### Information ###
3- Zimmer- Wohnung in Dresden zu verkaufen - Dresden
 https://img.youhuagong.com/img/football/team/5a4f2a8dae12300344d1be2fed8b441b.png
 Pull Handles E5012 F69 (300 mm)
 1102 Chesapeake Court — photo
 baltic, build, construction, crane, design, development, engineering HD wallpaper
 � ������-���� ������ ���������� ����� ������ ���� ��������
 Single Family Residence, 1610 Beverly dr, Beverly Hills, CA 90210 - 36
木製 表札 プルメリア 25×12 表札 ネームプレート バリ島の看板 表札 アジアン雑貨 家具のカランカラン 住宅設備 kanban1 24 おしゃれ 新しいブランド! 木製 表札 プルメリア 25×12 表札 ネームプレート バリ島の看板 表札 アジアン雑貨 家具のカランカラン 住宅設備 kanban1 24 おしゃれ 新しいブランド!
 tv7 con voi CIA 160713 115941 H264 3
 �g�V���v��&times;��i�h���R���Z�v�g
###
Required action:
Take the listing above from its first line through the line containing "1102 Chesapeake Court — photo", and transcribe that stretch exactly, with no other lines.

Response to the task:
3- Zimmer- Wohnung in Dresden zu verkaufen - Dresden
 https://img.youhuagong.com/img/football/team/5a4f2a8dae12300344d1be2fed8b441b.png
 Pull Handles E5012 F69 (300 mm)
 1102 Chesapeake Court — photo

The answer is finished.